§ **Entries provided**

==============================

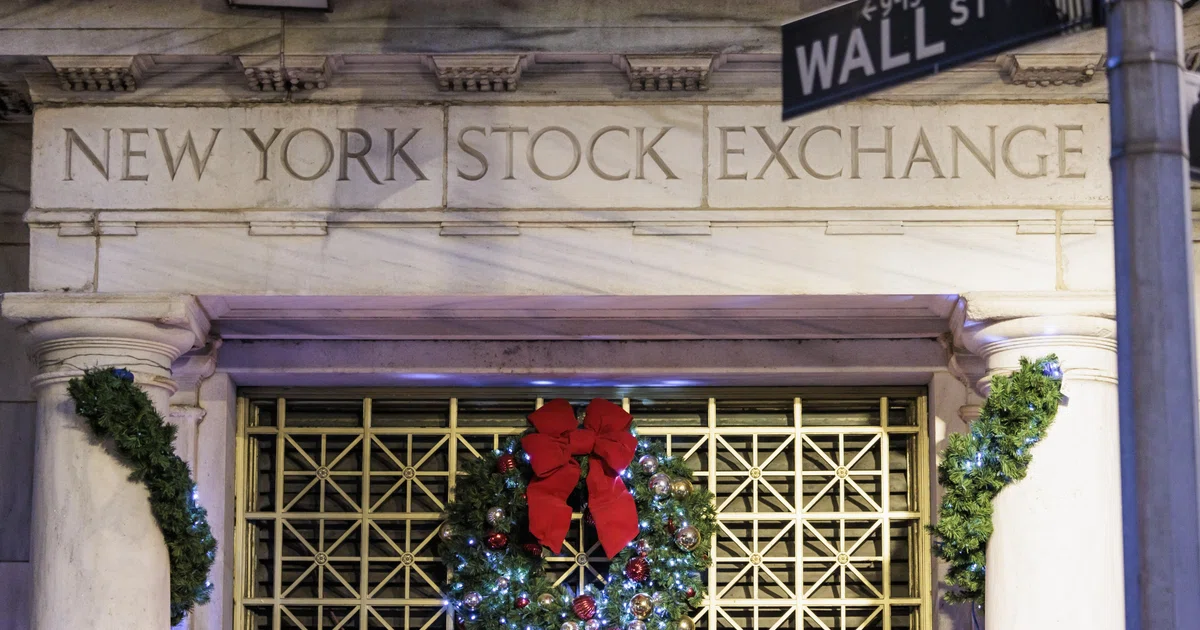 US: Wall Street opens lower as recession worries mount - The Business Times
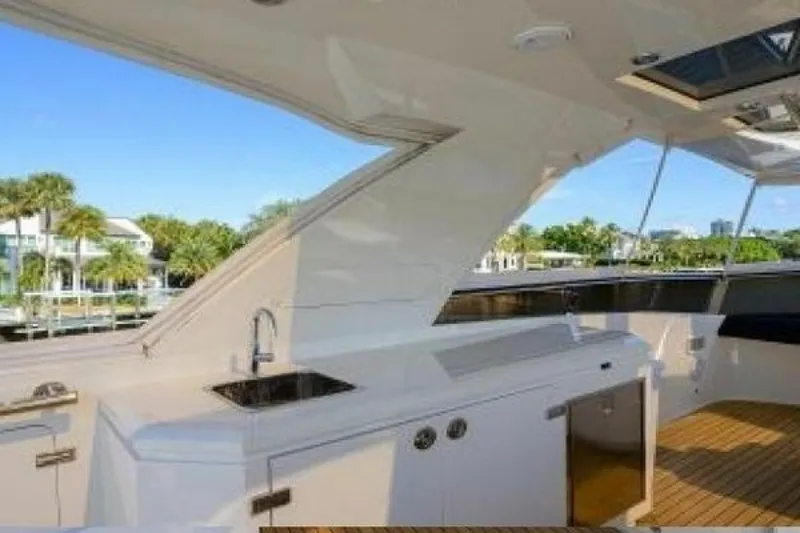 Slide: The Image of Lazzara LSX 95 Flybridge 2012 - 6797203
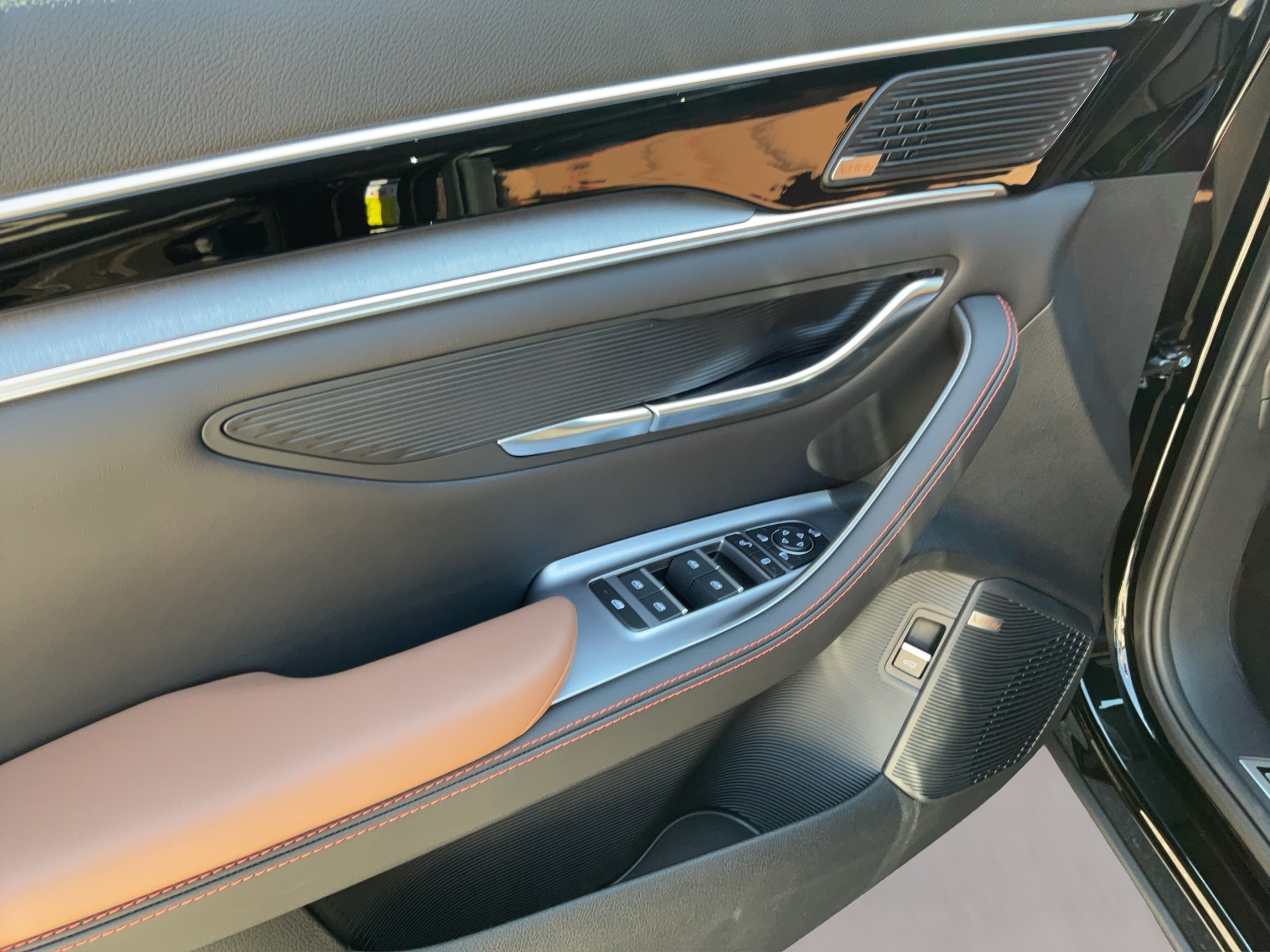 BYD Seal U DM-i Design AWD-image-17
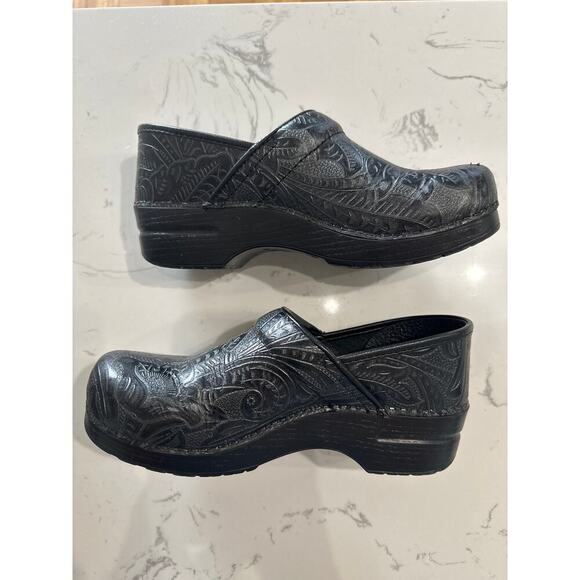 Dansko Women’s Professional Black Tooled Leather Clog, size 40, EUC - Picture 3 of 7
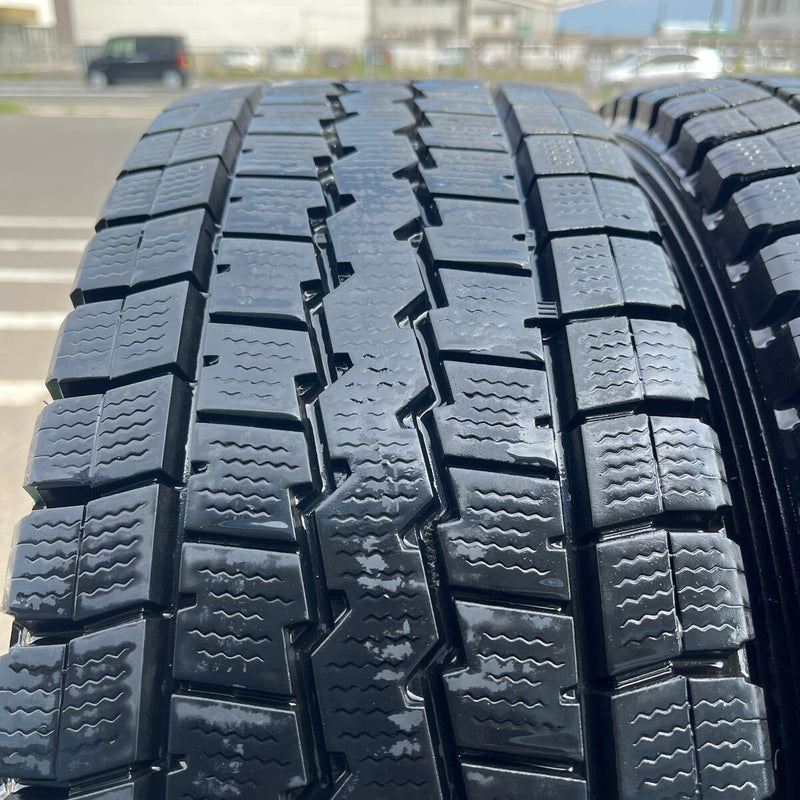 205/70R16 DUNLOP, LT03 中古スタッドレス　激安美品　　6本セット：24000円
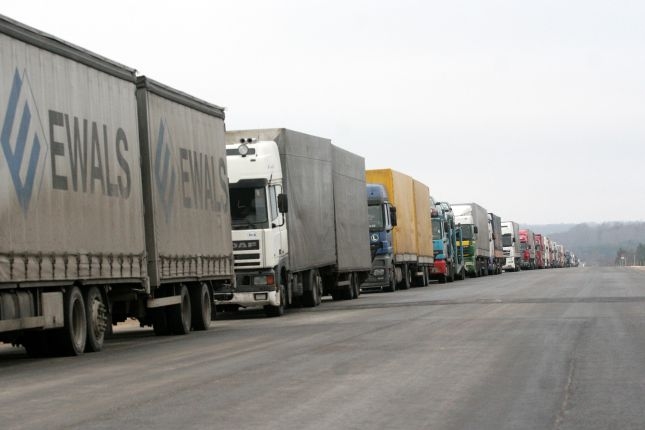 Preču pārvadājumi pāri robežai notiek, bet pārvadātāji izjūt ierobežojumus. Uz robežas veidojas automašīnu rindas.
Autors: no LETA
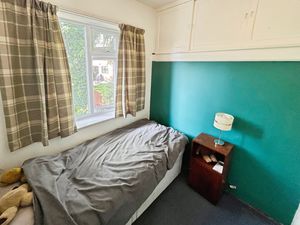 Bedroom 4- click for photo gallery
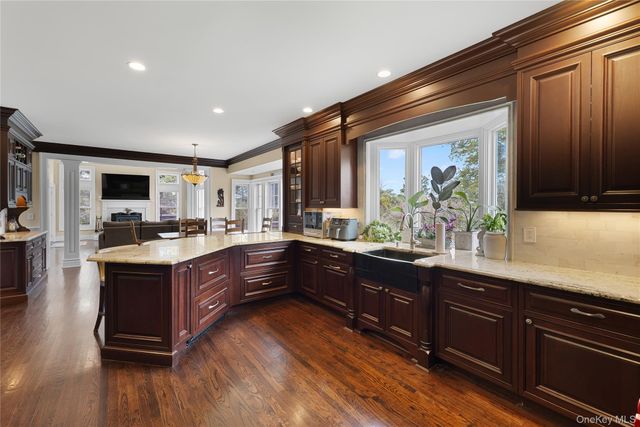 547 Shore Drive, Oakdale, NY 11769
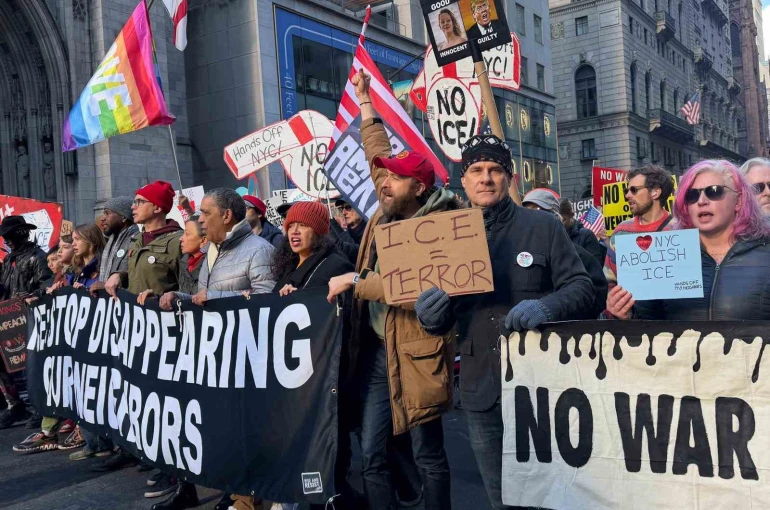 New York’ta binlerce kişiden ICE’a tepki yürüyüşü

==============================

§ **The problem**
Take the entries shown above and quote them verbatim, passing over the pictures.

§ **Written reply**
 US: Wall Street opens lower as recession worries mount - The Business Times
 Slide: The Image of Lazzara LSX 95 Flybridge 2012 - 6797203
 BYD Seal U DM-i Design AWD-image-17
 Dansko Women’s Professional Black Tooled Leather Clog, size 40, EUC - Picture 3 of 7
 205/70R16 DUNLOP, LT03 中古スタッドレス　激安美品　　6本セット：24000円
 Preču pārvadājumi pāri robežai notiek, bet pārvadātāji izjūt ierobežojumus. Uz robežas veidojas automašīnu rindas.
Autors: no LETA
 Bedroom 4- click for photo gallery
 547 Shore Drive, Oakdale, NY 11769
 New York’ta binlerce kişiden ICE’a tepki yürüyüşü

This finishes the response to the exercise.